A well-established bird feeder will attract regular visitors and become the ideal setting for photographing garden birds.

1. Set up a bird feeder

James Paterson photographing a bird feeder in his garden.
You might be surprised by the amount of wildlife you can photograph within the vicinity of your home.

An established bird feeder is likely to see more feathered visitors, so use an existing feeder or set one up a few days in advance and fill it with nuts and seeds. Morning is usually the best time for bird activity, so get into position early. Hide out of sight, behind bushes or a hedge if possible, or shoot out of a window in your house. Plan your position in relation to the sun. For bold colours it's best to have the sun behind you, but if you want an atmospheric backlit look then shoot into the sun instead. Wherever you choose, you ideally want a plain background in a colour that contrasts with or complements the bird – preferably not black! If you can, avoid shooting against anything that's too busy or distracting.

2. Use a long lens

Use silent shooting mode to avoid scaring off your subject and you should be able to capture incredibly detailed wildlife shots.

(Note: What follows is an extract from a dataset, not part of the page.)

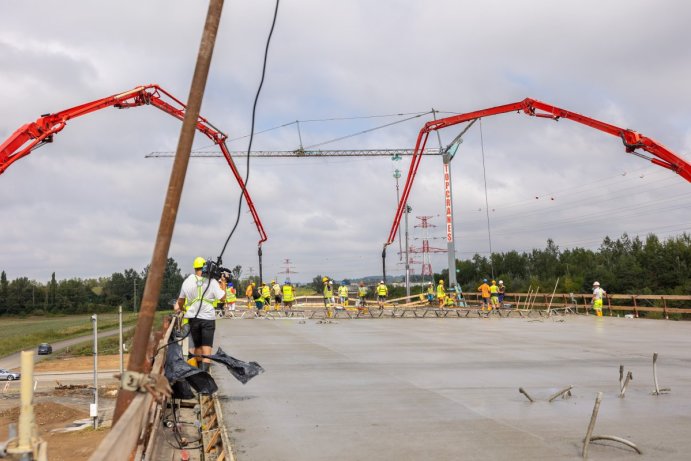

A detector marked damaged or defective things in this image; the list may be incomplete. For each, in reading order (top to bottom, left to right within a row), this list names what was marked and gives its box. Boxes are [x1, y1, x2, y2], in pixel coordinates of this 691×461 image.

rusty steel pole [113, 0, 226, 424]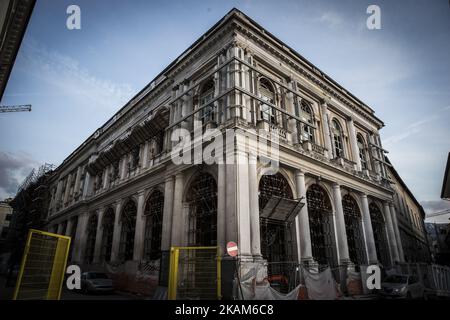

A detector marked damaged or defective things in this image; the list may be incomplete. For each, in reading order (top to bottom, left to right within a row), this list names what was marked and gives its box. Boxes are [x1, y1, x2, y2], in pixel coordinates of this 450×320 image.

damaged neoclassical building [44, 8, 428, 298]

With subjects this small and skittish, you need a long lens to fill the frame. Here we used two zooms, a Canon EF-S 18-135mm f/3.5-5.6 IS STM and a Canon EF 100-400mm f/4.5-5.6L IS II USM. If, like these, your lens has optical Image Stabilizer, switch it on to help prevent blurring caused by camera shake. A crop-sensor (APS-C) camera such as the Canon EOS 90D can be helpful for distant subjects. The zoom factor of 1.6 means a 135mm focal length effectively becomes 216mm, and 400mm becomes a mighty 640mm. The camera's 30 megapixels also means you can crop digitally later, so a 70-300mm lens would be fine for small birds. With less timid subjects, such as this friendly robin, you might be able to slowly close in for an even tighter shot.

3. Exposure settings

The back of a Canon EOS 90D showing the shutter speed settings.
You'll need a high shutter speed in order to capture a bird in motion.

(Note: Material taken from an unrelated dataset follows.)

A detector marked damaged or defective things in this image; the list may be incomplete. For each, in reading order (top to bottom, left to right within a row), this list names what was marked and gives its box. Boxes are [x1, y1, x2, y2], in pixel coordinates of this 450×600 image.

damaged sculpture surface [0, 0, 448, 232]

Set the camera mode dial to M for Manual mode, then hit the Q button and set the aperture to f/5.6 or lower for a shallow depth of field to blur the background. Set your shutter speed to 1/1250 second or faster, and set ISO to Auto so it adapts to suit the conditions. In daylight the ISO could rise to 1600 or more, which inevitably increases image noise, but the ISO performance of the Canon EOS 90D means noise is manageable, even at higher ISO sensitivities. For fast-moving subjects such as birds in flight, you'll need faster shutter speeds to capture a good level of detail. Why not set Custom mode 1 to these settings for birds on a feeder and Custom mode 2 for faster settings for birds in flight, so you can quickly switch if the opportunity arises?

4. Select High Speed Drive mode

The back of a Canon EOS 90D showing high speed continuous shooting settings.
Burst mode is probably the best approach for shooting fast-moving subjects.

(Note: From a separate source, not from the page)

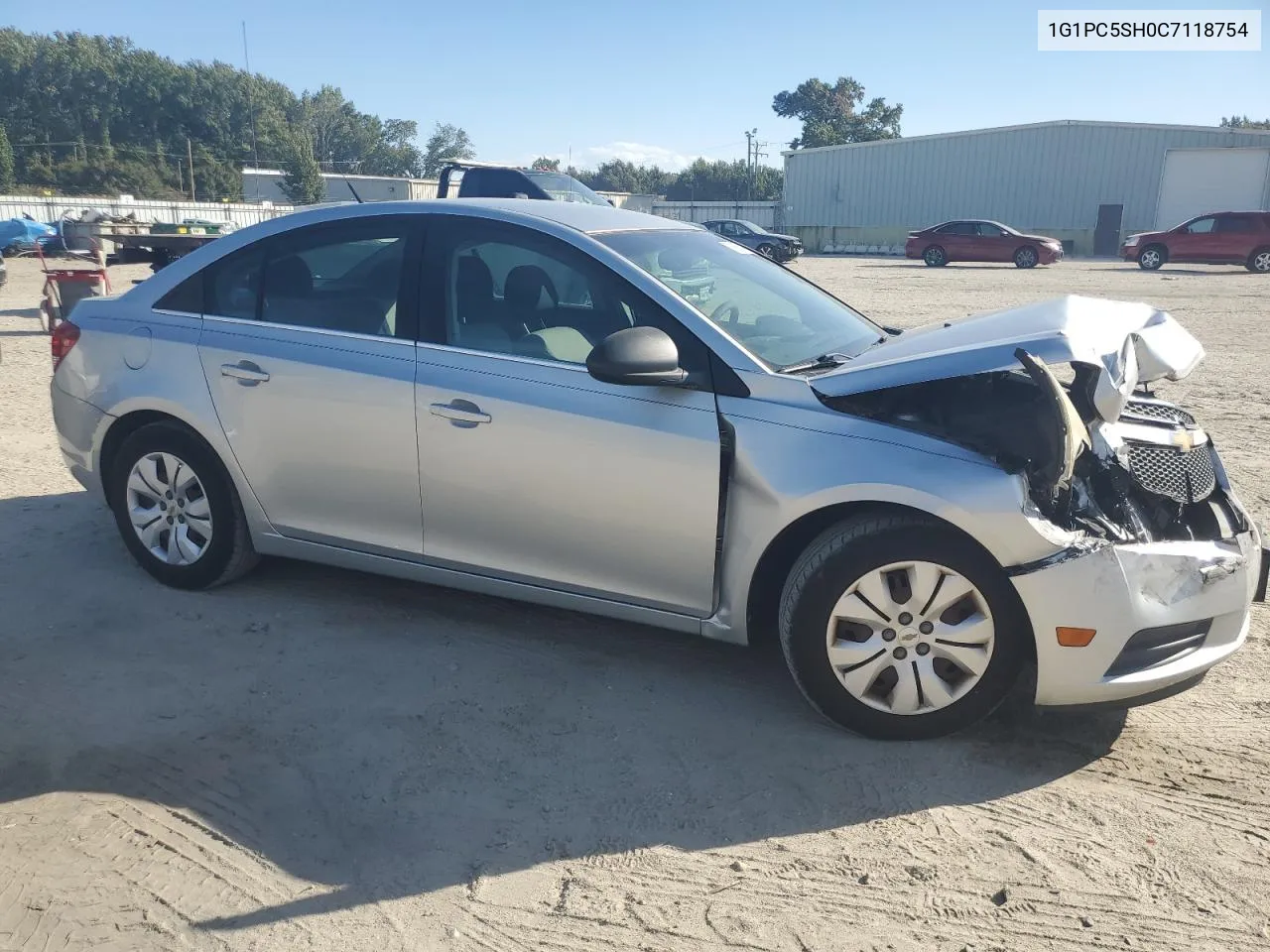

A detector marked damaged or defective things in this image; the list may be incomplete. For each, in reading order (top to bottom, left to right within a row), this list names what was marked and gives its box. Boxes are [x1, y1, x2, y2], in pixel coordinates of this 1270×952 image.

damaged hood [818, 294, 1204, 420]
crumpled front end [818, 298, 1264, 710]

When a bird appears, it's best to take a burst of shots to improve your chances of getting the perfect image. Hit the Q button and set your Drive mode to High Speed Continuous. The Canon EOS 90D fires 10 frames per second with autofocus tracking, or 11fps in Live View. Set the Autofocus mode to AI Servo and it will engage continuously while predicting subject movement. Next, set the Focus Point to Single. Move the point over the bird and half-press the shutter button to lock on, then hold the shutter button down to start shooting.

5. Frame out the food

To capture a more natural shot, compose your image with your bird feeder just out of sight and focus on the subject.

The most natural-looking bird photos are those that don't include a feeder or other signs of people, so look for opportunities to frame these out. Often birds will hop around branches near a feeder before they move in for food, so this is a good time to start shooting. If you find that the sound of your camera frightens the birds, turn off the focus lock confirmation beep (in the Beep menu on the Canon EOS 90D and other cameras) and set the drive to silent shooting for a quieter click.

Shoot for the stars – astrophotography

Photograph stars with a subject in the foreground for a more interesting final image.

1. Set up a tripod

A photographer sets up a tripod in his garden to take a photo of the night sky.
Using a tripod will keep your images sharp during long exposures.

The stars are best photographed on a clear night under a new moon when the sky is very dark. Light pollution can be hard to avoid, but you can still get clear shots of the stars in an urban environment. To begin, set up your camera on a tripod. Try framing to include some foreground details, such as the trees here, for an astro landscape photo. When choosing where to point the camera, a night sky phone app can help you to pick out constellations or the core of the Milky Way.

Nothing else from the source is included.